No, they're not particularly vague. You might be trying to avoid the most obvious interpretations in order to continue avoiding having to back up your claims, but I think that for most reasonable people its quite clear what was being said. Whch didn't actually need to be 'special', under any circumstances.

Of course your own claim that 'the maths beind that wont change', was a pinnacle of vagueness itself, but please, dont ever limit yourself to actually proving that claim at all by showing us how the 'math behind that' really wont ever, ever ever 'change'.

Alas, neither convolution nor wavetables automatically create sounds distinguishable from noise.

Nor do they automatically create noise, which was actually your claim.

If you want to use them as means for sound synthesis, you'll find out that the math required for that isn't all that "completely different".

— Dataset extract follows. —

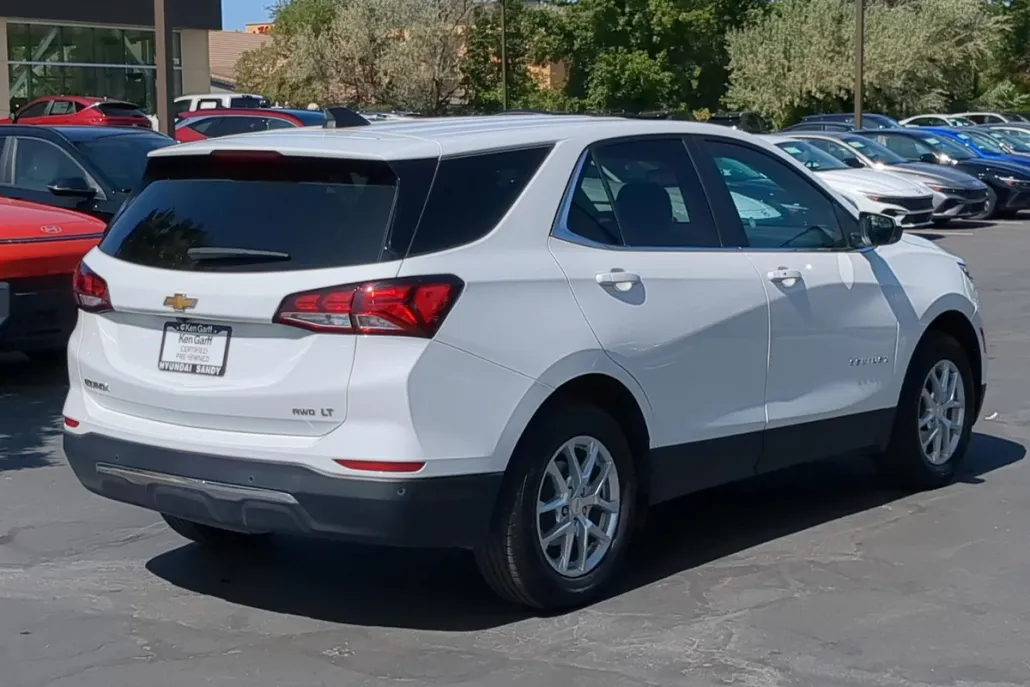 2024 Chevrolet Equinox LT photo 1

Really? So you think wavetable readouts are similar to Fast Fourier Transforms and inverse transforms, are they? You might be the only person to think so.


Guess how fast you'll have to deal with convolution when trying to keep your wavetable synthesis from aliasing...

Normal upsampling doesnt require convolution. So not that fast, I'd guess.

The same as above. These are not synthesis techniques per se.

Of course not. Because you say so.

To use them for sound synthesis, you'll once again need the same math

'Same math'? Thats a bit vague isnt it?

And no, all you need is the facility to read out from a wavetable and interpolate. Which isnt quite the same as convolution, for example.

BTW FM and PD only really require the ability to read out from a wavetable as well, but somehow to you they count as 'synthesis'. Why is that?

since sampling theory, the laws of harmonic sound etc. stubbornly resist to change.

So what? Those things are completely irrelevant to your claims.